= Beginning of Section =

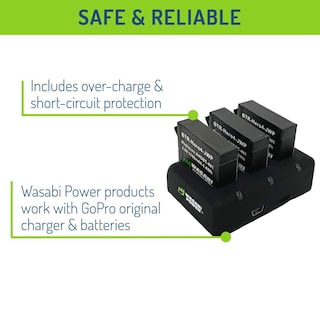 Foto 4 | Batería Y Cargador Triple Usb Para Gopro Hero4 Wasabi Power - Venta Internacional.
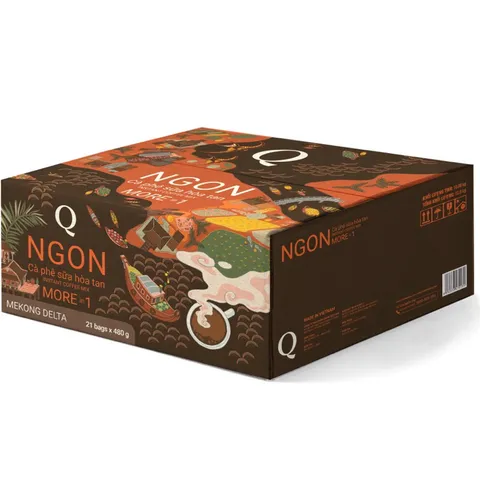 CAFE SỮA TRẦN QUANG NGON BỊCH 24 GÓI X 20G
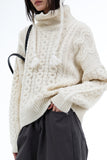 Breeze Cable Turtleneck Sweater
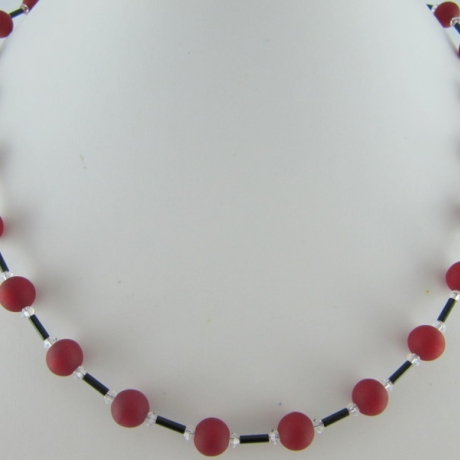 Kette Perlen Polaris Rot (597)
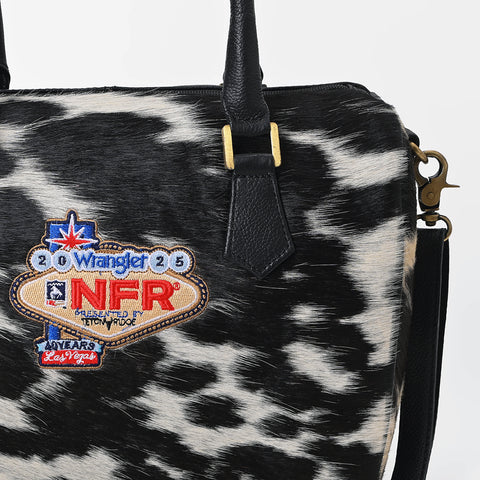 Official PRCA & NFR Licensed Collection-Hair-On Cowhide Leather Western Speedy Bag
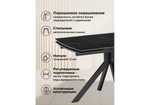 Керамический стол Woodville Катчел 120(180)x80 черный мрамор, черный, ножки черные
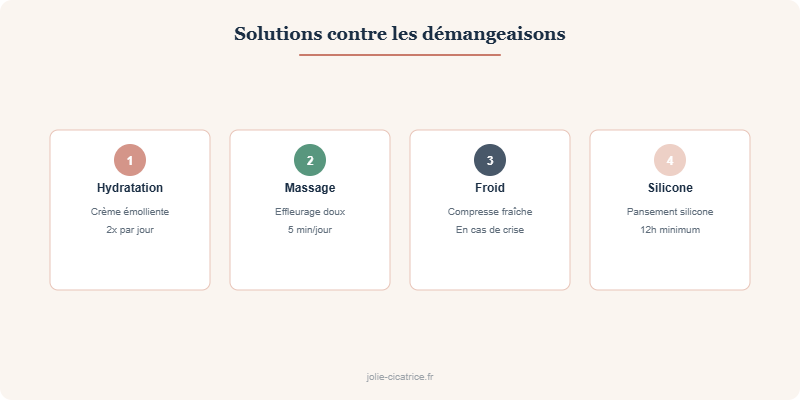 Solutions contre les démangeaisons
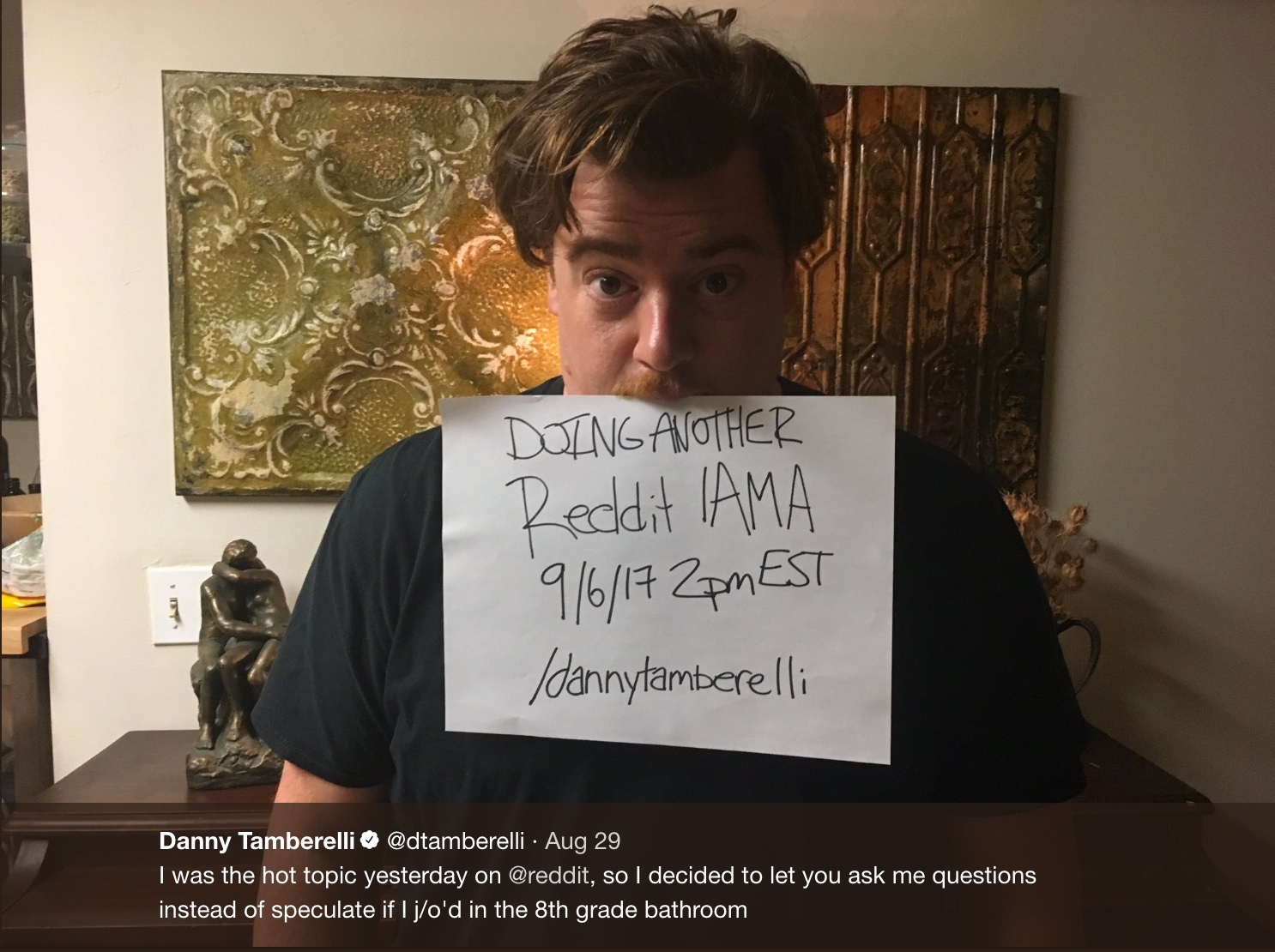 Danny Tamberelli celebrities with normal jobs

= End of Section =

▸ Work required: Without including any pictures, print all of the material exactly as given.

▸ Exercise solution:
 Foto 4 | Batería Y Cargador Triple Usb Para Gopro Hero4 Wasabi Power - Venta Internacional.
 CAFE SỮA TRẦN QUANG NGON BỊCH 24 GÓI X 20G
 Breeze Cable Turtleneck Sweater
 Kette Perlen Polaris Rot (597)
 Official PRCA & NFR Licensed Collection-Hair-On Cowhide Leather Western Speedy Bag
 Керамический стол Woodville Катчел 120(180)x80 черный мрамор, черный, ножки черные
 Solutions contre les démangeaisons
 Danny Tamberelli celebrities with normal jobs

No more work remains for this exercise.